Does that read wrong to you?

(OK, the business will get lucky occasionally and sell a set or biros to complement his pencils or water colour paint pots.)

Yet many businesses operate this way.

That’s why thousands of prospects in your market reject you.

What if the product was adjusted to suit prospects demands more closely?

What would your ROI from sales staff and website conversion or SEO be now?

I’ll leave that to you.

Only you can say if it’s better to be in line with what prospective customers are seriously demanding to purchase.

(Or carry on improving and changing everything else from your desk layouts, to staff, to the type of carrier bags used at exhibition stands, to what the brand stands for... everything but the main product which the customer is paying for.)

The importance of Product ROI

Let’s say your product gets an ROI of 20%.

You spend £100,000 a year on business costs. The service elements to your product/package are also included; such as techies/developers or if you are lawyers then the law team.

And you earn £100,000 annually.

So without any promotional costs added, the product itself gets an ROI of 20%, let’s say from referrals.

So you earn £120,000 annually.

Now you want to promote your business to increase revenue. So you hire SEO, website developers, leaflet and print ad consultants, plus spend on newspaper ad space etc.

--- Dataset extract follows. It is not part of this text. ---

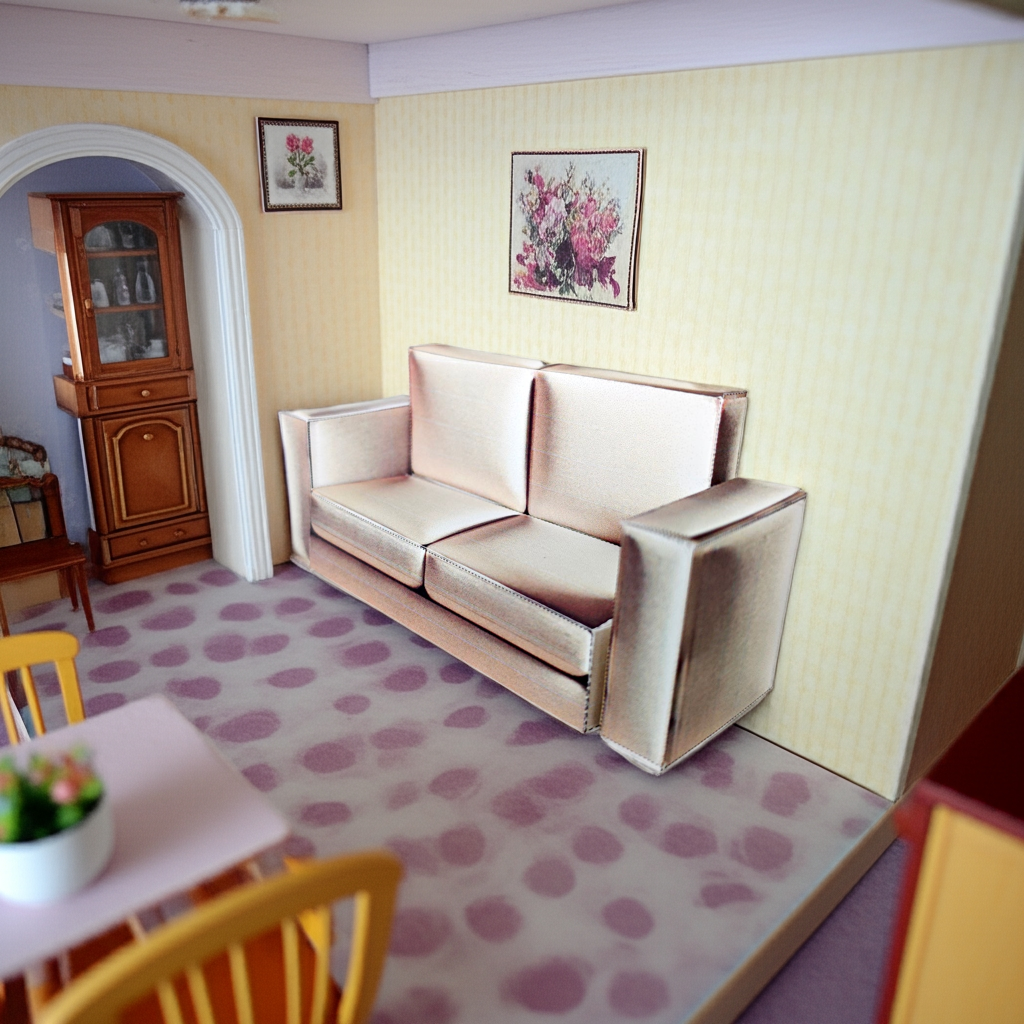 1:12 Dining Living room Sofas & Couches- Affordable Printable Dollhouse furniture,  DIY, miniature template, BMM shoesbox miniature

If your product is not aligned with demand, it is possible your total ROI on your product will now reduced.


Total costs go up; cash flow, profit margin and ROI for your product will drop down to almost negligible.

So if you spend £20,000 on promotion, then total costs would be £120,000.

But your additional revenue was only £10,000.

After the adding the additional costs, let’s compare with the increased revenue, say £130,000.

Then your ROI is now just 8.333%

So if you have a tactic of spending more on promotional costs and advertising to bring in more revenue, then this is going to become more inefficient for the business.

Can you think of businesses that suffered results like this? Businesses like Woolworths comes to mind.

On the flip side, if your product is what your target market is seriously demanding to buy, then any new promotion to prospects who were not aware of your exceedingly good product will likely buy.

Therefore, your ROI will be higher that the scenario before.


ROI is all about ROI on sales conversion for your product or service.
ROI is all about ROI for every product or service in terms of how it has been created to meet demand. If you make it and they don’t buy it, you have no return on your investment.

If you build houses and you get no sale from a viewing... Forget blaming the brochures, the lifestyle pictures and the reps uniform. Why does the HOUSE not meet demand?

No one here set up a business to virtually invest most of their money and time as an ad agency business managing art work and signing off Illustrator files.

No one here originally set up a business in order to go onto spend most of their time thinking about branding rather than filling that gap they saw in the market.

And definitely no one here from a trade started a business because they fancied becoming a cold caller and rejection-proof sales person.

So why neglect the real reason anyone is buying from you?

Are prospective customer’s sales objections about you or really about what your business can offer in terms of value?

If you truly want greater ROI, make sure you concentrate more effort on what you have to offer.

If you care for your target market and offer them exceptional value and differentiate the right way, and the prospective customer knows they will get exceptional ROI, your conversion rates have a better chance of improving.